Really. There was no right or wrong place to start. Who knew if were I was standing was even the beginning. It was impossible to be wrong because…well, there were no rules. Completely blank canvass.

Here’s something authors may not regularly to in order to discover their stories, but is immensely helpful to me. I narrate every finished draft. Not only is it helpful in editing, the process of you speaking your story aloud, trying out different voices and inflections, and then listening to it until you want to rip your ears off from being sick of your own voice, was key to my process. I cannot tell you how many new ideas and scenes came to me, including ways to improve existing scenes and dialogue. Circle of Reign is over 20 hours long narrated. I did at least 3 full narrations. So, yes, it was a massive time commitment. For an auditory learner, however, it was priceless in helping me discovery my narrative voice.

It might sounds strange for an author to say they were discovering their own story, but this is definitely what it feels like for a discovery writer, especially one who started from where I did. However, this process can be fairly easy once you have a good idea of your characters (at least a protagonist and antagonist). It’s true that your character will tell you what actions or dialogue (or lack thereof) should happen in any particular scene. Sure, you have to nudge them along every once in a while, but this organic way of writing minimizes a contrived feeling for readers.

As I said before, I really had no idea what the story was for Circle of Reign. I did have a couple milestones or plot points I wanted to achieve, but the journey there was completely unknown. This made the process extremely fun! Out of this discovery process, characters, subplots, and even a new race of people were born. Landscapes and climates were drawn, rivalries and friendships, and, my favorite, action/battle scenes came alive. One perfect example of discovery writing giving new depth to a story is this concept of how lands die and are reborn centuries later in Circle of Reign. Can you imagine a world where you know that someday your land will turn fallow, or enter an isolated ice age, or turn to a recalescent desert in a matter of weeks or months? What kind of dynamic does this add as a backdrop to a story? To the cultures of the people? To their psyche about life and death? I had been writing Circle of Reign for 2 ½ years before that foundational world building concept was discovered. It was there, somewhere, I just had not yet found it.

The most important thing was to simply write. If I had no idea what would happen next in the story logically, I didn’t force it. I wrote a totally different scene. The chronology of the story didn’t matter at this discovery stage, nor should it. For example, in an early draft of Circle of Reign, I wrote a scene that I dubbed chapter 7. In the final manuscript, it was chapter 22 and many years down the road in the story arc than initially written. Further, almost all of part 1 was written after I had finished the first draft. I was discovering more and more of my story as I continued to write, even if it didn’t make sense at the time.
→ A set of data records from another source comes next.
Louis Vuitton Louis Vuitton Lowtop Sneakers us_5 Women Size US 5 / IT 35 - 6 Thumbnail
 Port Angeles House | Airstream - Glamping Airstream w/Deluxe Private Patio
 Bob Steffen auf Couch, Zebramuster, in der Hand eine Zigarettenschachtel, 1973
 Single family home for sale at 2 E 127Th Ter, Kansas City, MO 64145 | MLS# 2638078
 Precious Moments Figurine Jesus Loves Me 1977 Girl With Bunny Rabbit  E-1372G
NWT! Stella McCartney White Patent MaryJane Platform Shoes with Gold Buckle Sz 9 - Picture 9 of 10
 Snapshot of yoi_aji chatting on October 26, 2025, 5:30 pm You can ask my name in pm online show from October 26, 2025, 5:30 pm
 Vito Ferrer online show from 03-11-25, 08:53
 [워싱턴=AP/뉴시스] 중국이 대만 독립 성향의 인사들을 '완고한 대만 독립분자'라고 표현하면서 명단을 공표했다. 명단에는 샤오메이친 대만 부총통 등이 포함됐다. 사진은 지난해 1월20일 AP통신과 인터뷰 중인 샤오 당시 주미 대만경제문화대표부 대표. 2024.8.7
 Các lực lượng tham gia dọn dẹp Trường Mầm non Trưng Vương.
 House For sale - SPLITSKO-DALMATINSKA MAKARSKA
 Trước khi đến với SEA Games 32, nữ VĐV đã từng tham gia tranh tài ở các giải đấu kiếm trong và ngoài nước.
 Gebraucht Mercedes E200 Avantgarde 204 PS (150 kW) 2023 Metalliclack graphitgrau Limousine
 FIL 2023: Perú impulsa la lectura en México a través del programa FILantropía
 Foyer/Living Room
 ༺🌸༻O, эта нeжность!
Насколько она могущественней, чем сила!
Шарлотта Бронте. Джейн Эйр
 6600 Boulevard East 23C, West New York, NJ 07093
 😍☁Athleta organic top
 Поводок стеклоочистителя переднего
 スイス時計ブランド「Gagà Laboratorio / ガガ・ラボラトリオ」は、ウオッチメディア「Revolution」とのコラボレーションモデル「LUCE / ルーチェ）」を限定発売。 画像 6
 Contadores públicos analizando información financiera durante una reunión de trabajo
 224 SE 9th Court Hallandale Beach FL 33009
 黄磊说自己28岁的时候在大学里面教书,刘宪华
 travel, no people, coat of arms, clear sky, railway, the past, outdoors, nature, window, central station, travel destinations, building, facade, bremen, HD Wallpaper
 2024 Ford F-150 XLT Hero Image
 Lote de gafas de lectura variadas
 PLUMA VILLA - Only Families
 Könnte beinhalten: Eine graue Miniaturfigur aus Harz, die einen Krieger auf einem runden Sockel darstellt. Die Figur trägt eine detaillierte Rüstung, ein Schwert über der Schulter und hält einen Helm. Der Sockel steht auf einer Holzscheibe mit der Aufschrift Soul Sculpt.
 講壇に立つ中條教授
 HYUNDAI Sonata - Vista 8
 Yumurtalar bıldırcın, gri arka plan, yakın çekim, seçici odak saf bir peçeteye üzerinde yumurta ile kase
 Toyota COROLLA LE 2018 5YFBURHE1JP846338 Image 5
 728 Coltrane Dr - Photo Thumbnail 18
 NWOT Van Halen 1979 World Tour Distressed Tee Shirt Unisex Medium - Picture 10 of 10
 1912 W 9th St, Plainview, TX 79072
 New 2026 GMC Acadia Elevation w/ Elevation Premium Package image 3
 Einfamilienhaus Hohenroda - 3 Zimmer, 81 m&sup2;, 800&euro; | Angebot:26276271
Did I have consistency issues? Yes. Did this approach cause timeline imbalances sometimes? Yes. Was I moving chapters and large sections around like puzzle pieces during the editing? Yes. But, this exercise itself caused new pieces of the story to unfold! Sewing them all together in a (hopefully) seamless story was, itself, a huge part of the discovery process.

I mentioned earlier that Altar of Influence was written to an outline, an outline that ended up being outgrown rather quickly. Even here, the discovery approach was alive and well. The outline, more of mile markers as I look back on it, was extremely helpful in providing some direction, but little more than saying “head north”. There’s so many roads and paths, plains or mountains, you can cross while heading north.

What I’ve learned from penning two epic fantasy novels so far is simple: the journey is the story, not the destination itself.